In this article we look at how capital allocation processes can fail shareholders and some simple steps that can be taken to drive greater accountability into investment decisions.

The big capital spends, be they investments in new markets, new products or acquisitions, often represent the signature, transforming achievements of a CEO. And for shareholders, they often have a transforming impact on wealth.

So when faced with these opportunities, CEOs need clear, reliable tools to assess investment opportunities. Unfortunately, the tools that they are most likely to use are anything but.

If wealth creation is the goal of the business, then for any investment evaluation tool to be of use it must address the quality and quantity issues we saw in part one of this series as the key determinants of wealth creation.
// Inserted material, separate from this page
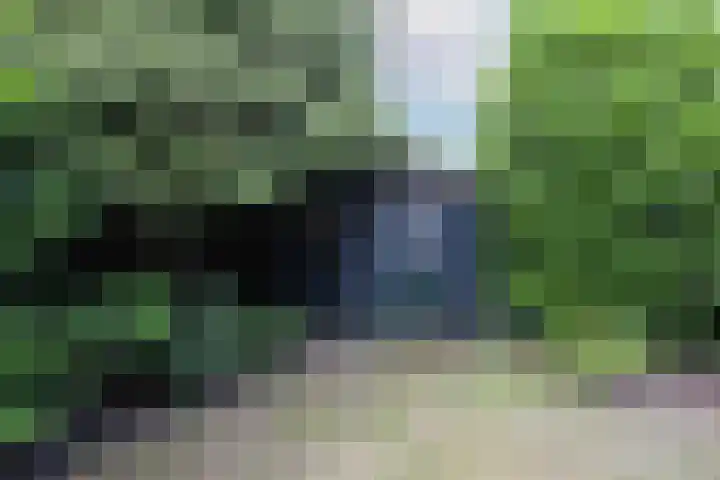 van Dedemlaan 23 Hoevelaken thumbnail 36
This rules out using EBITDA and EPS growth, which both fail to capture the funds invested in a business and say nothing of the quality of the business. Sophisticated investors know this and mark down businesses that trumpet EPS accretion, if the investment fails to deliver reasonable returns on capital invested.
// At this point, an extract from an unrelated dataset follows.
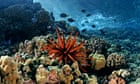 playing-thriving-reef-sounds-on-underwater-speakers-‘can-also-assign-damaged-corals’-–-guardian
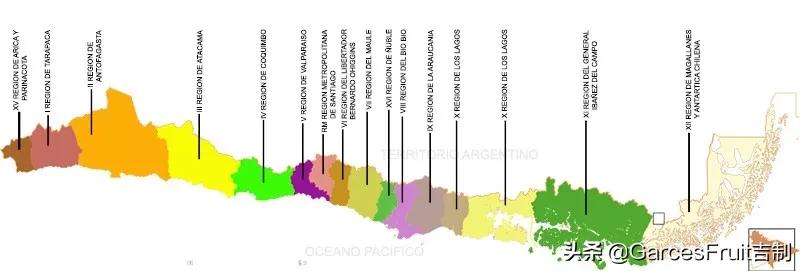 智利车厘子10大品牌,智利车厘子介绍视频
Other, more sophisticated tools, like Internal Rate of Return (IRR) and Discounted Cash Flow (DCF) address the draw backs of EBITDA and EPS by forecasting all the capital required for an investment and all the cash that will be generated by it and boiling them down to a single number; a percentage in the case of Internal Rate of Return (IRR) which can then be compared with the company’s hurdle rate, and a dollar figure in the case of Discounted Cash Flow (DCF), showing how much wealth will be created from the investment.

But while IRR and DCF can be used to accurately calculate the wealth impact of an investment decision, they are only ever as useful as the forecasts used and this is where IRR and DCF analysis fall down.
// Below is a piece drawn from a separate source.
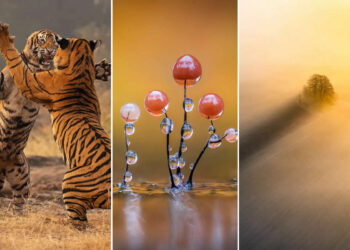 British Photography Awards 2025 Winners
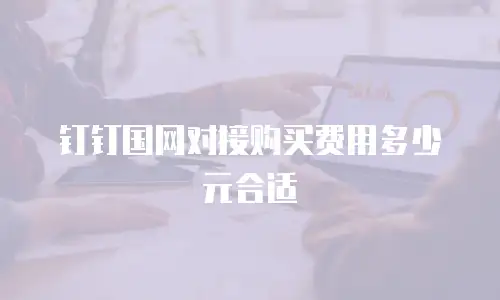 钉钉国网对接购买费用多少元合适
The best users of DCF look to key drivers, such as margins, volumes and inventory turns to assess the reasonableness of forecasts. If the acquisition requires industry best results across all key drivers to create wealth it’s time to negotiate a better price, or walk away.

But one key reasonableness test every CEO should ask is, ‘What is the forecast ROCE of this investment, in each year of the forecast period?’ If ROCE forecasts are beyond reasonable upper limits then warning bells should sound.

As the chart below shows, drawing on our research into returns achieved by Australia’s largest companies and summarised in the table in part one of this series, only the top 25% of companies are able to sustain returns 5% or more in excess of the cost of capital over any given five year period. This analysis probably understates how rare high returns on capital are in the broader economy, given businesses that have failed or who are yet to be consistently profitable are excluded from our research.

Figure 1: Returns significantly above the cost of capital are rare

Returns above the cost of capital are rare

 

In my experience, when DCF analysis is recut to include ROCE and Economic Profit data on an annual basis it often forecasts ROCE starting low and gradually growing larger and larger, past the 75th percentile and eventually into the top decile of what companies have historically been able to achieve.

Few companies are able to generate let alone sustain these returns, due to the competitive forces they face. If one player in a market is able to invest and generate such attractive returns, others will follow and unless the investment is made behind, as Buffett would call it, a deep ‘moat’ of a hard to copy competitive advantage, returns will begin to fall, not rise, as time goes on.

Given 75% of companies fail to make returns more than 5% above the cost of capital, the default assumption for DCF analysis should be that returns will revert to the cost of capital over time, in the absence of a very clear and proven set of competitive advantages that will keep competitors, suppliers and even governments at bay.

Equipped with the forecast annual EP Spread of the investment and a thorough knowledge of the competitive forces of the industry in which the business operates, a CEO is in a much stronger position to make career defining capital investment decisions.

The second and important step in this phase is to close the accountability loop for investment decisions. And that comes back to the performance measure chosen by the CEO. EBITDA and similar measures ignore the capital invested in a business and send a signal to all managers that capital is free.

Economic Profit by contrast, constantly reminds managers of the funds invested in their business and the need to generate sufficient returns. By holding managers accountable for sustained gains in EP, the rigour of investment proposals increases: managers know while putting together their forecasts that unless the investment generates and sustains high returns, the Economic Profitability of their business will fall.

As one client put it, ‘EP is like DCF with a memory’.